The notices, however, are a central part of what’s often referred to as voter registration list maintenance. They are used across the country to confirm whether a voter has moved outside a registrar’s jurisdiction.
Every other year, Georgia uses information received from the U.S. Postal Service and compares the list of people who submitted a change of address form (often called a National Change of Address or NCOA notice) with the state’s overall list of registered voters.
It then creates a list of voters in each county of those who haven’t updated their registration record to reflect a new address. It also pre-prints mailers such as the one received by Gordon. The county then pays for postage and sends those mailers to people on the list asking them to confirm their address or where they live now.

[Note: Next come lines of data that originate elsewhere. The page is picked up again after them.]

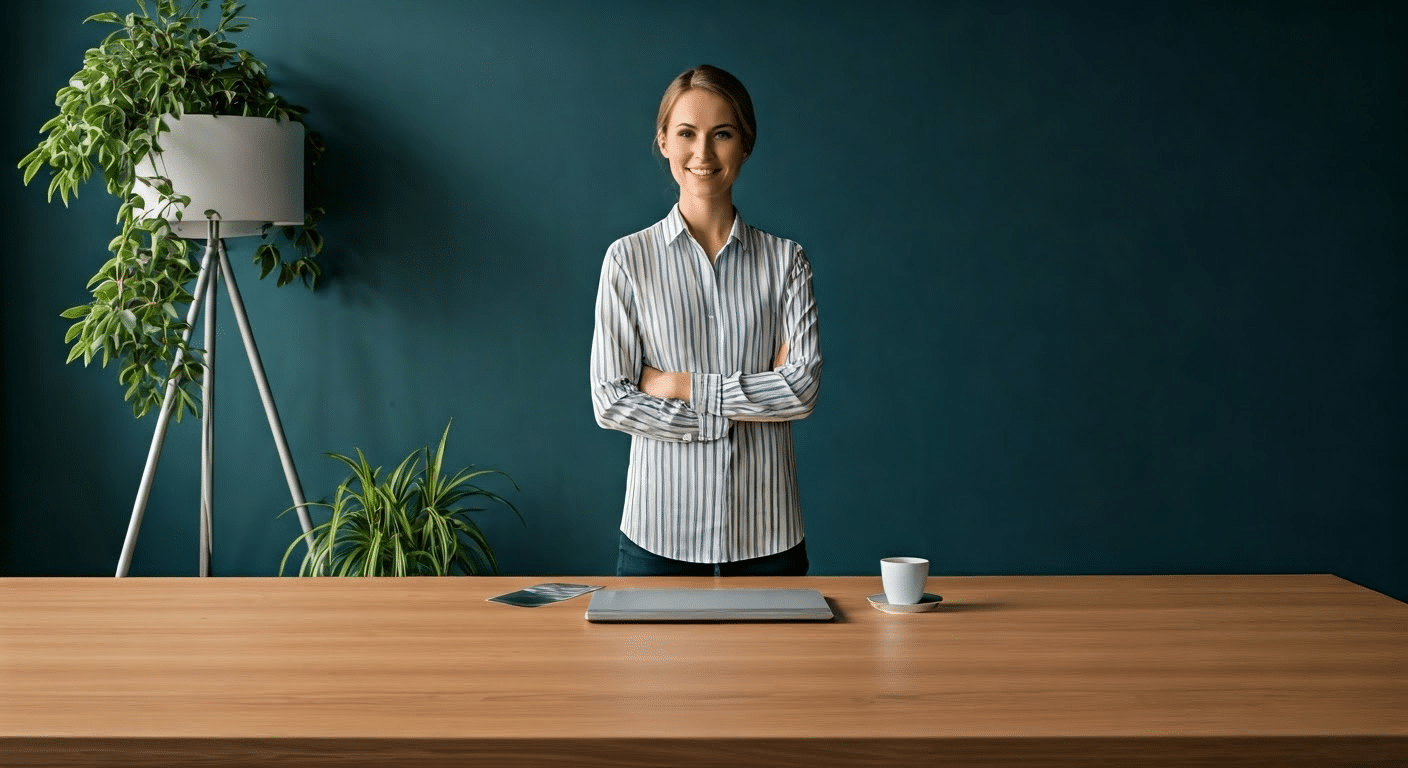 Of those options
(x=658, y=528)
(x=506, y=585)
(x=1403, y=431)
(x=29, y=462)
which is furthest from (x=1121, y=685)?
(x=29, y=462)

It is a massive undertaking, with the mailing taking place on the same day throughout the state. DeKalb County alone this year mailed 33,467 notices. Cobb County mailed 29,588 of them. Fulton County, more than 48,900. And so it went for every county. Officials with the Georgia Secretary of State’s Office said a total of 383,487 notices went out.
Voters who receive them are told they have 30 days to respond, either to confirm their address or to indicate their new one, and risk being moved to the state’s “inactive” registration list if they don’t. What the mailers don’t say is that so-called “inactive” voters are still legally registered to vote in Georgia, have full access to the ballot and can vote as usual.
Some advocates have decried the process as a calculated attempt to weed voters out of the process. But election officials say they have absolutely no intent of doing that and are following the law.
“It’s not a purge,” DeKalb Elections Director Maxine Daniels said.
In fact, it takes years for voters to actually be removed from the state’s roll: Voters must remain on the “inactive” list for at least two federal election cycles, meaning they have not voted or had any contact with election officials for at least an additional four years after the notice was mailed, before they can be dropped.
Georgia sent out more than 1 million confirmation notices between 2014 and 2016, according to a recent report from the U.S. Election Assistance Commission. Only about 6 percent of them were accepted as returned by voters, according to that data. Two-thirds were categorized as “status unknown,” meaning they were neither sent back by the voter nor returned as undeliverable.
Over the same time period, the report notes that the state removed almost 732,800 people from the rolls — about 12 percent of registered voters. Three-quarters of these voters were dropped because they had moved out of their local county, although state officials said it was possible that these voters might have moved to another Georgia county and re-registered. Less than 2 percent were dropped because they had failed to return a confirmation notice.
“Accurate voter rolls are critical to election security,” said Candice Broce, a spokeswoman for the Secretary of State’s Office. “We have a statutory obligation to keep the rolls up to date, and regular list maintenance works to preserve the integrity of our electoral system.”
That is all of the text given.